Tradução: Marúcia Ferreira Lima
O genro de Lacan encabeçou a campanha contra o projeto de
emenda que visa regulamentar as psicoterapias. No seu rastro, a
totalidade da intelectualidade parisiense se agita.
Segunda-feira, 19 de janeiro, Palácio do Luxembourgo, 15
horas. Escoltado por alguns amigos, Jacques-Alain Miller precisou
deixar seu chapéu Motsche et Fils no vestiário, para
tomar lugar nos bancos de veludo vermelho que se destacam acima
do semicírculo da Assembléia. Charuto na boca, o assim
chamado “JAM” se apressa em contar os presentes.
Quantos serão eles, chegado o momento, para apreciar a famosa
emenda “Accoyer”, que visa regulamentar as psicoterapias?
Quantos serão, sobretudo, para rejeitar este projeto “liberticida”
contra o qual Miller e os seus puseram-se em campanha e, em seu
rastro, inúmeras figuras da intelectualidade parisiense?
“Por enquanto eu conto somente com 23”, suspira ele,
enquanto o Senado discute o “flagelo da obesidade” e
da oferta de produtos açucarados nas escolas.
Uma hora e meia mais tarde, ali estamos. Trata-se de manter a concentração.

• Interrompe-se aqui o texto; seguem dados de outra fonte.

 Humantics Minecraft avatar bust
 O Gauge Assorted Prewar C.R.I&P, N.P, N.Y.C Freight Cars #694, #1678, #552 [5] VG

“Não é bom para mim ficar na primeira fila,
só me vêm bobagens de fundo de sala”, cochicha
esse colegial de 60 anos, o nariz no caderno com a efígie
do Pequeno Príncipe. “Isso é bonito!”,
solta ele, quando se eleva a voz do comunista Jack Ralite, trajando
uma longa túnica negra, para citar Aragon e denunciar “o
autoritarismo rasteiro” de uma emenda que visaria “regrar”,
leia-se “descondesafiar” a psicanálise. Em seguida,
adianta-se o socialista Jean-Pierre Sueur. “Ah! Este homem
é inteligente! Vocês sabem que ele é titular
de gramática?” - exclama Jacques-Alain Miller, genro
de Jacques Lacan. Neste dia, com certeza, o chefe da Escola da Causa
Freudiana estava no seu elemento. Quer dizer, na língua e
no argumento. Leiam O Sobrinho de Lacan (sátira dirigida
contra Daniel Lindenberg, publicada por Verdier em 2003), assistam
a um de seus meetings, e vocês sairão convencidos:
mais do que a psicanálise, é um certo estilo, espetacular
e preciso, que constitui seu verdadeiro objeto: “Ele entretém
uma relação única com a língua e a verdade”,
observa o cineasta Benoît Jacquot. É alguém
que não mente. Ou então somente para dizer a verdade...”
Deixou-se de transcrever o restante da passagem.